Self-determination means anything from political warfare to personal growth to end-of-life decisions. Personal career self-determination comes when reconciling outer life with inner desire, such as your work world with your life principles, and translating that into your career path, built every day.

Self-determination requires self-awareness, objectively seeing personal strengths and realistically evaluating weaknesses. I’ve known people with mediocre sales who thought they were amazing salespeople, apparently blind to their personal strengths and challenges. I also knew a sales representative who once openly stated, “I need to work on my communication skills.” I was always impressed by that transparency, and perhaps so were others as he is now president of a hospital system. If we are to self-adjust, then seeing ourselves objectively is crucial. When you think of your strengths, weaknesses and desires, what evidence do you have to support your opinion? It’s a helpful question in self-determination.

When beginning this project, I thought kindness and respectfulness were natural traits that could be cultivated in professional selling. As my study progressed, I found that kindness and respectfulness created openings to communicate more perceptively and accurately. Selling is more than what you do (sales process) or what you know (product knowledge). How you do it and how you convey the knowledge that is the differentiator that carries you to a new level as a sales professional.

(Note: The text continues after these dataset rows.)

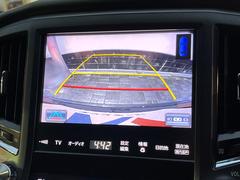 ڥХåֻ˸ꥢ륿ǳǧǤޤ緿ȻߤΩ־Ǥֻ䡢֤ΥХåž˴ؤ餺ɬܤȤʤäΤҤȤĤǤ 3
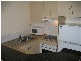 418/180 Alexandra Parade, Alexandra Headland QLD 4572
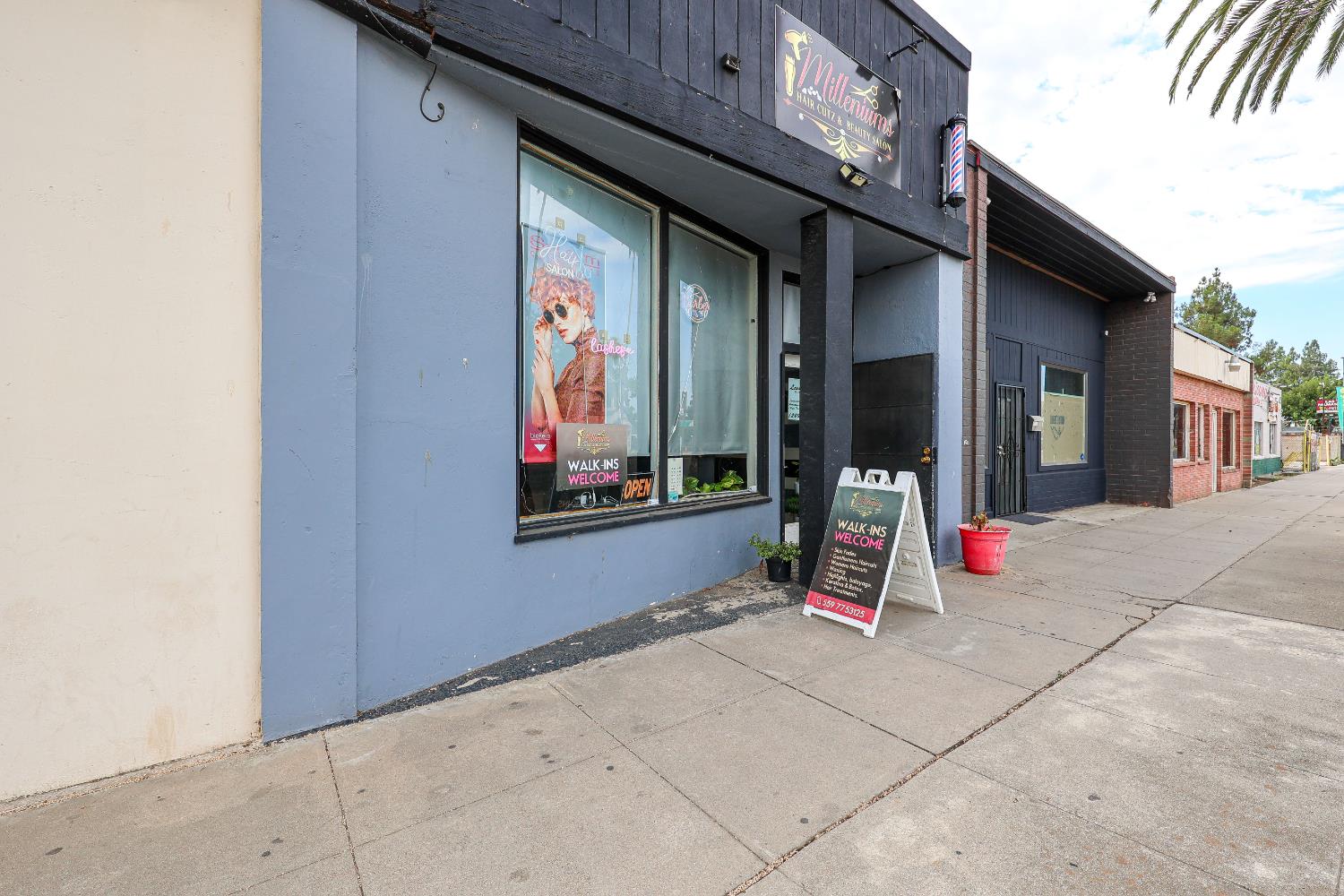 1005 Robertson Blvd, Chowchilla, CA 93610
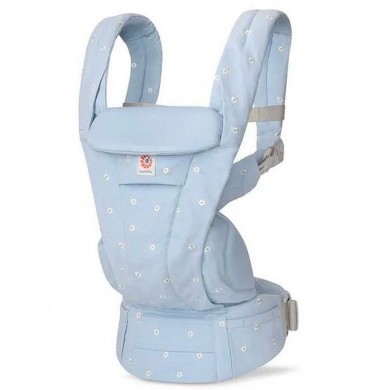 ERGOBABY OMNI DELUXE...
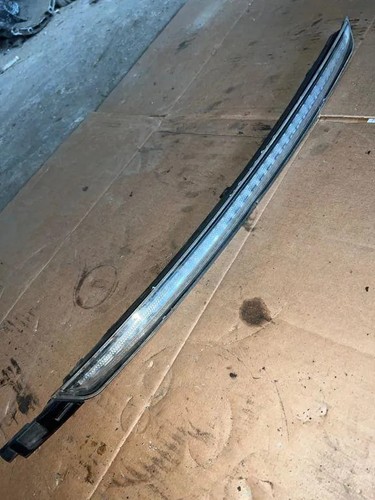 Bmw compact e46 rear third - e46,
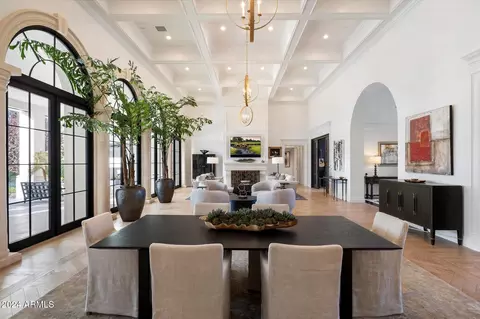 18 Biltmore Estates Dr, Phoenix, AZ 85016 photo 29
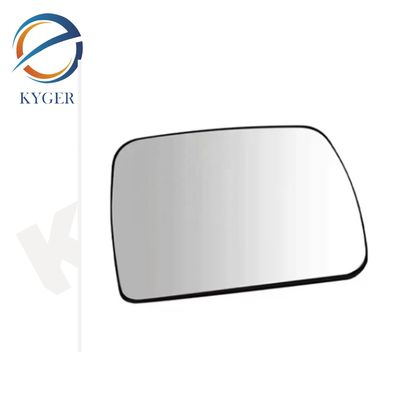 satın al KYGER Yüksek Kaliteli Vücut Parçaları LR013774 Araba Otomobil Parçaları Arka Yansıtıcı Cam For Land Rover Discovery 4 LR013775 Çevrimiçi üretim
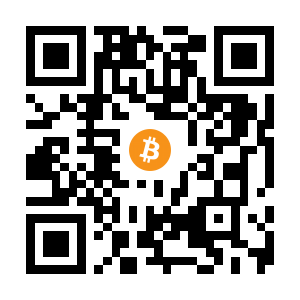 bitcoin:3EUN9vUEPh4SMFmi4PGusQ4EwLqLQSHXrm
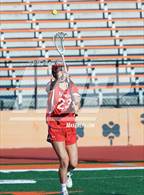 Photo from the gallery "Burlingame @ Woodside"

Consciously practicing these hallmarks –recognition, acceptance and authenticity– can create a personal brand of kindness and respectfulness. It can raise your sales and grow your territory in a way that others will attribute to luck, and only you will know better.

Referenced in this article:
Berry, Leonard L, (1999), Discovering the Soul of Service, The Nine Drivers of Sustainable Business Success, The Free Press (div of Simon & Schuster), p 30.

Bertolucci, Domonique, The Kindness Pact(2014) Hardie Grant Books.

Carter, Ian, Are Toleration and Respect Compatible? Journal of Applied Philosophy, Volume 30, Issue 3, Special Issue: Toleration and Respect, August 2013, pages 195-208.

Ferrucci, Pierro, (2006) The Power of Kindness Jeremy P. Tarcher/Penguin, page 29.

Lickona, Thomas, (2004) Character Matters Touchstone Books, p 243.

Rushton, Cynda Hylton, Respect in Critical Care AACN Advanced Critical Care, 2007, Vol 18, No 2, pp149-156.